* **The data**
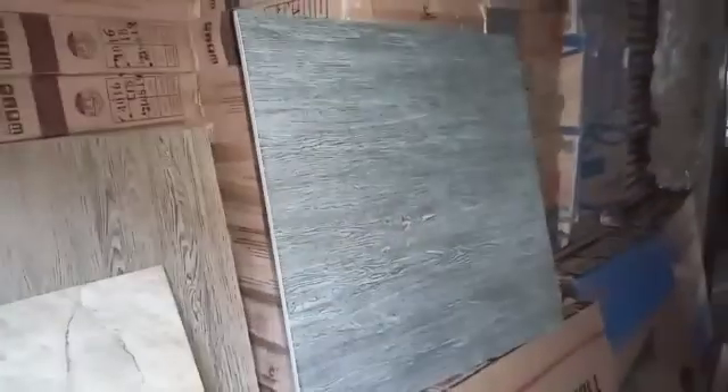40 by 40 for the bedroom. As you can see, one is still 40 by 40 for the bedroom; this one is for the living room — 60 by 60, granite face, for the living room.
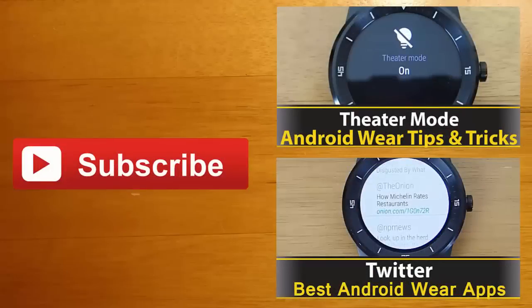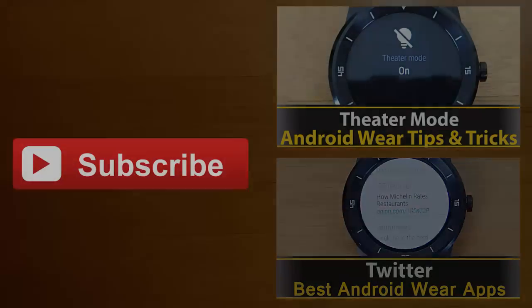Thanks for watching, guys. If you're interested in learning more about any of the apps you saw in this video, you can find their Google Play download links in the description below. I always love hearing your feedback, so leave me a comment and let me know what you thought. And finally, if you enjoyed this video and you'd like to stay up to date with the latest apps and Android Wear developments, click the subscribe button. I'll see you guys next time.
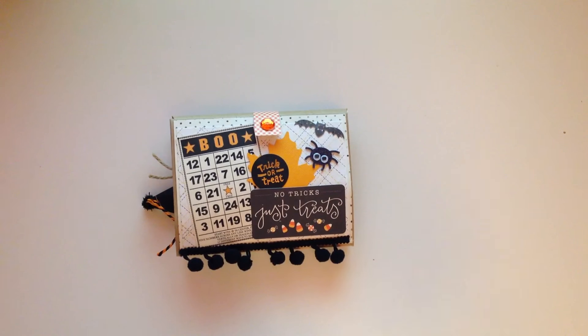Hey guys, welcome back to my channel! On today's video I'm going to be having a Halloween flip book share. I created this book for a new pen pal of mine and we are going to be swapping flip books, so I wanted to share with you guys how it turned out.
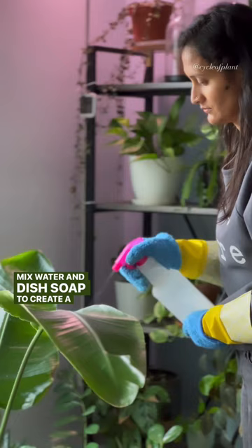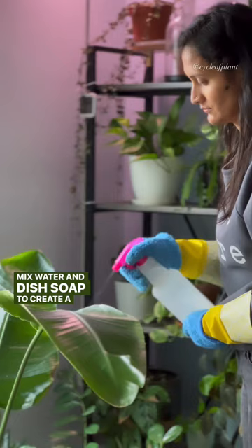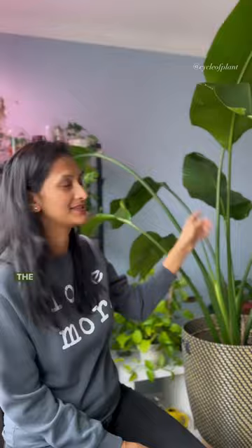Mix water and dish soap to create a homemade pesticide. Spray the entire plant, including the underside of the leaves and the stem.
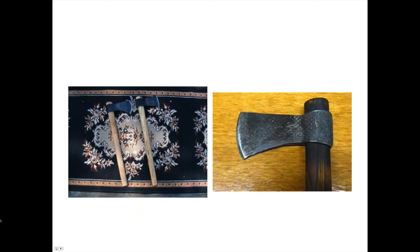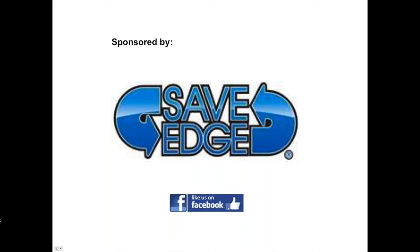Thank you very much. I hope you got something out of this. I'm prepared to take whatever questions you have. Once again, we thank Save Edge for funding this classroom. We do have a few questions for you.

* **Brief**
Please reproduce, word for word, only the lines from the line that holds "Thanks for watching, guys." through the final line of the entries above, omitting any pictures.

* **Task result**
Thanks for watching, guys. If you're interested in learning more about any of the apps you saw in this video, you can find their Google Play download links in the description below. I always love hearing your feedback, so leave me a comment and let me know what you thought. And finally, if you enjoyed this video and you'd like to stay up to date with the latest apps and Android Wear developments, click the subscribe button. I'll see you guys next time.
Hey guys, welcome back to my channel! On today's video I'm going to be having a Halloween flip book share. I created this book for a new pen pal of mine and we are going to be swapping flip books, so I wanted to share with you guys how it turned out.
Mix water and dish soap to create a homemade pesticide. Spray the entire plant, including the underside of the leaves and the stem.
Thank you very much. I hope you got something out of this. I'm prepared to take whatever questions you have. Once again, we thank Save Edge for funding this classroom. We do have a few questions for you.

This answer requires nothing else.